A year after a young amputee left the Hospital of the University of Pennsylvania with transplanted hands and forearms, the lead surgeon calls her progress "nothing less than spectacular."

Yet Penn has no waiting list for hand transplants.

The distinguished medical center is part of an ironic trend: Availability of the complex reconstructive surgery has been growing faster than demand for it.

Of perhaps two dozen hand transplant programs worldwide, 10 are in the United States. Two years after launching, two of the American centers have done no transplants. Five, including Penn, have each had one patient.

Even the University of Pittsburgh Medical Center - the country's second-oldest, second-busiest program - has had just five patients since its first surgery, in 2009.

"There are many issues, including funding and patient selection," said Joseph E. Losee, Pitt's director of reconstructive transplantation. "That's why you're not seeing that many being done."

The biggest issue, by all accounts, is the one that has been controversial from the start. Hands are not lifesaving, yet patients must take immune-suppressing drugs for the rest of their lives to prevent transplant rejection, just like recipients of vital organs. The drugs put them at risk of tumors, infection, diabetes, hypertension, and premature death.

"The risks of immunosuppression have to be weighed against the benefits" of improved quality of life, said Brian Carlsen, surgical codirector of the Mayo Clinic hand transplant program, which has not yet had a patient.

Researchers are avidly trying to get the body to tolerate transplants with less medication. Achieving this could open the door to replacing many nonessential body parts, from thumbs to wombs.

Meanwhile, hand transplant candidates must undergo rigorous psychosocial testing designed to weed out those who are not up to a transplant lifestyle, including being vigilant for hand swelling or other indications of trouble.

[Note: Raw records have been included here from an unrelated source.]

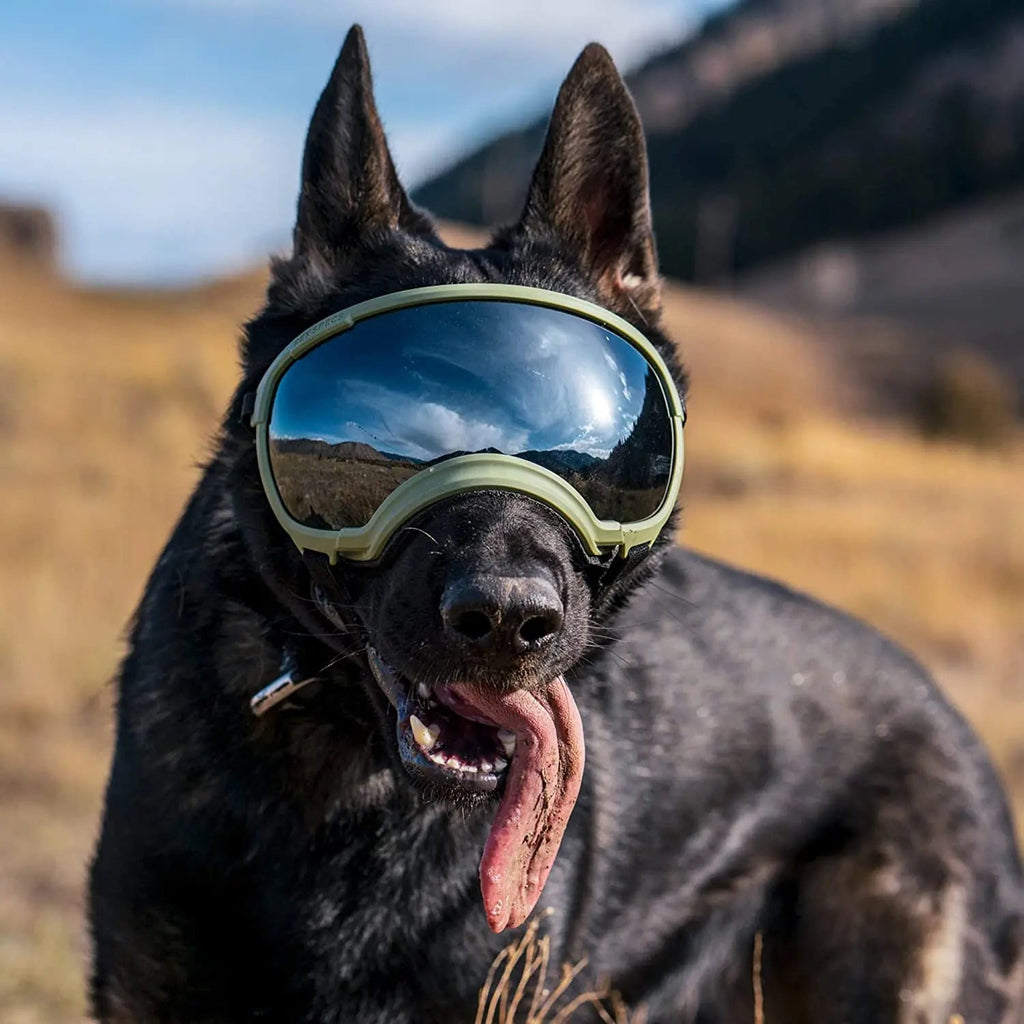 Dog sunglasses with UV protection windproof adjustable
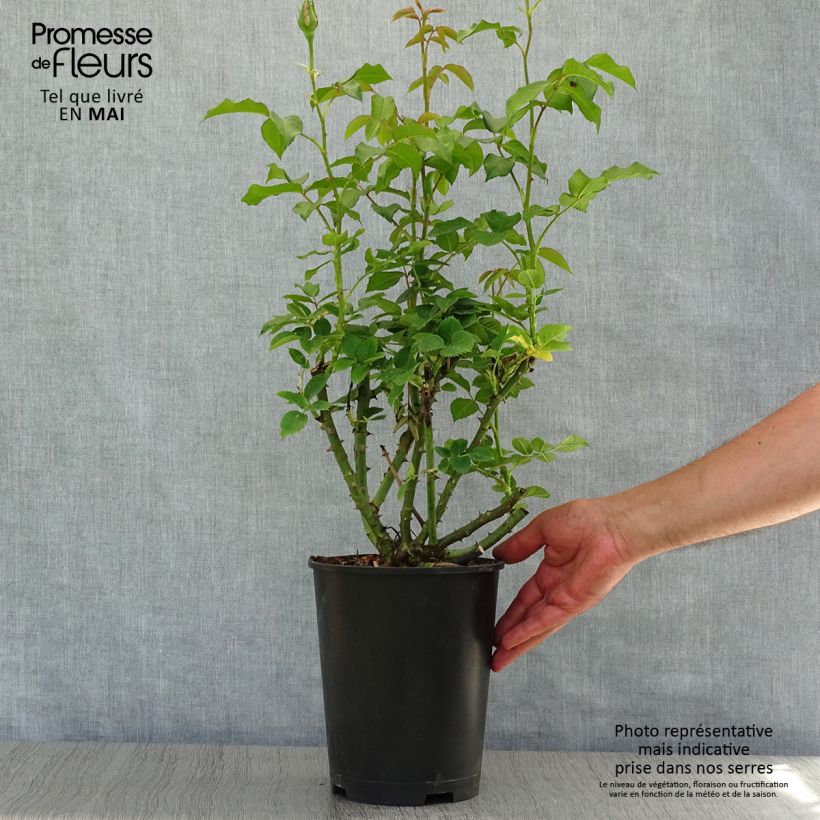 Exemplar von Rosa Sandrine Quétier - Edelrose Topf mit 4L/5L wie im Frühjahr geliefert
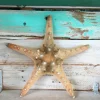 Knobby Brown Starfish Coastal Decor - 8-9 inch Accent Piece - Image 1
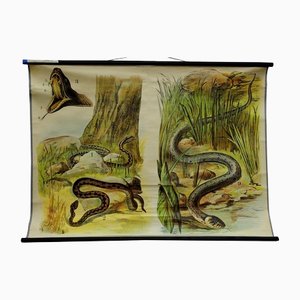 Vintage Adder / Ringelnatter Wandtafel zum herunterziehen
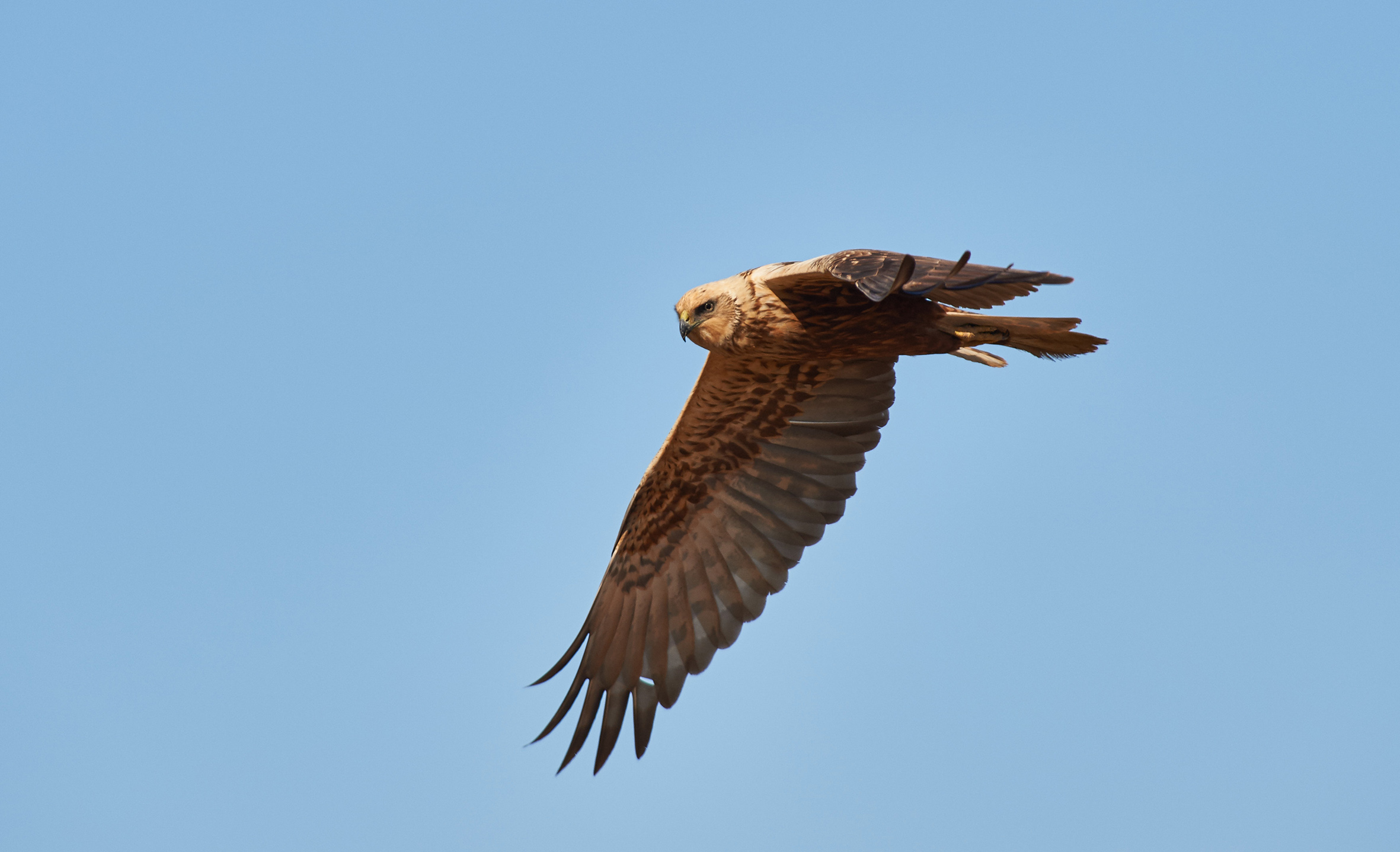 Falco di palude ravvicinato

"If there is any sign of rejection, they have to come to the hospital. It doesn't matter if you have a vacation planned or if you have a big test the next day," said Losee.

Matthew Scott has not found the medical regimen to be onerous. The Mays Landing, N.J., resident became the first U.S. hand transplant patient in 1999, when doctors in Kentucky replaced the appendage he had lost in a firecracker accident.

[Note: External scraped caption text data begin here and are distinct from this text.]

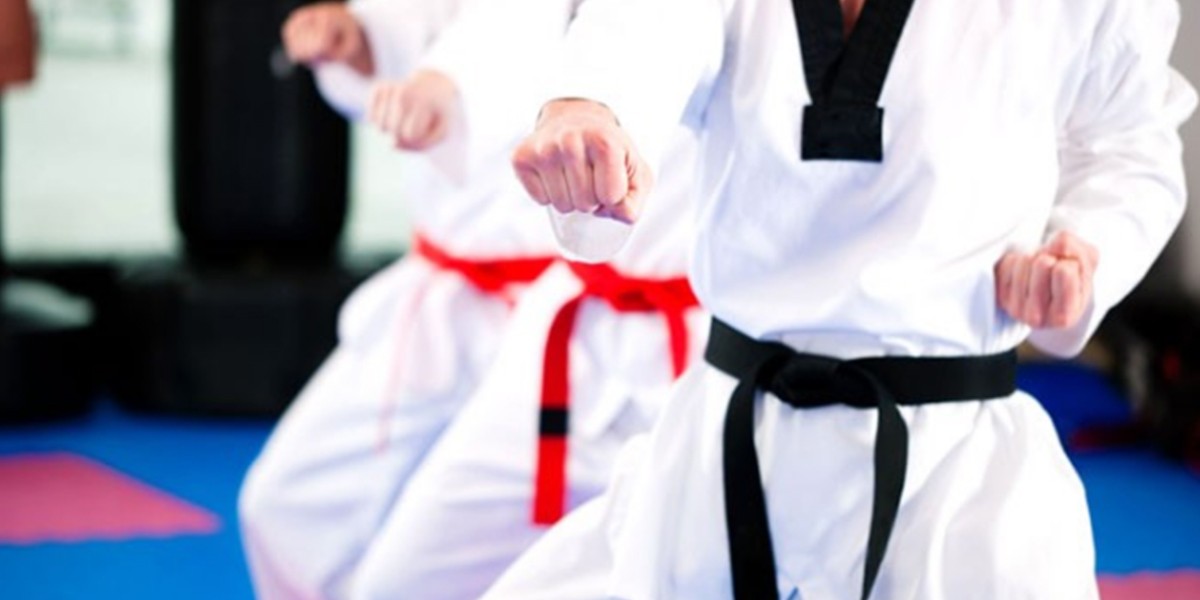 Detuvieron a un profesor de artes marciales por presunto abuso de menores | Actualidad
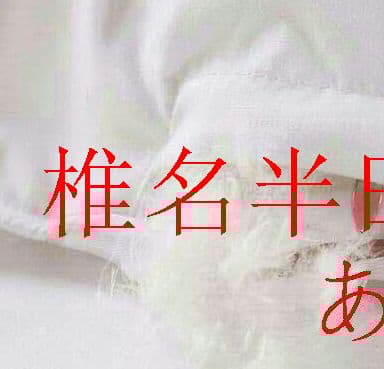 シングル　2キロ 保温 暖かい ホワイトグースダウン 冬布団&amp;gt;Y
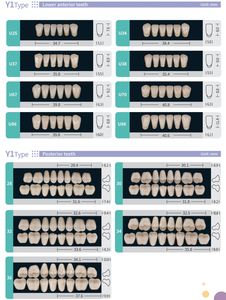 All'ingrosso Multi tonalità due strati anteriori inferiori denti in resina acrilica sintetica - Product Image 5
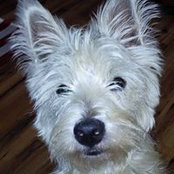 Charles Neal's photo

"I'm 13 years out and, to be honest, I've been just fine," said Scott, 51, paramedic trainer for Virtua Health. "I don't live my life that much differently than before the transplant."

Although only about 80 people worldwide have received hands since the first successful operation in France in 1998, outcomes have been reassuringly good. Studies show that a year after surgery, 96 percent of grafts survive - better than any other field of transplantation.

Most of the 19 U.S. patients reportedly have regained significant function and sensation - albeit with lots of physical rehabilitation.

Penn's patient, Lindsay Ess, 29, of Richmond, Va., lost her lower legs and lower arms to a bloodstream infection. She declined to be interviewed, but lead surgeon L. Scott Levin described her outcome so far as "almost miraculous."

"She's now living independently," Levin said. "She can take off her lower extremity prostheses with her hands. She's tolerating her medications extremely well."

Obtaining limbs from deceased donors also has turned out to be easier than anticipated.

"We thought we'd have people lining up and no raw materials," Pitt's Losee said. "For us, at least, donors aren't the problem."

While immune suppression is the primary obstacle, a close second is money. Because hand transplants are elective and still considered experimental, they are not covered by most health insurance. (Insurers do cover the immune drugs.)

The Kentucky program, which involves the University of Louisville and Jewish Hospital, has used research grants from the Department of Defense to subsidize the care of its eight patients, said surgeon Joseph Kutz. He estimated hospital costs at $225,000 per patient.

Given the high hurdles and low demand, why have hand graft programs proliferated in the U.S.? Some say it's because premier institutions want to offer premier treatments.

"It's a good question," said Carlsen at Mayo. "All I can say is, when we started, we felt there was patient need. And we felt the time was right and that, being who we are, we should be able to offer this treatment option."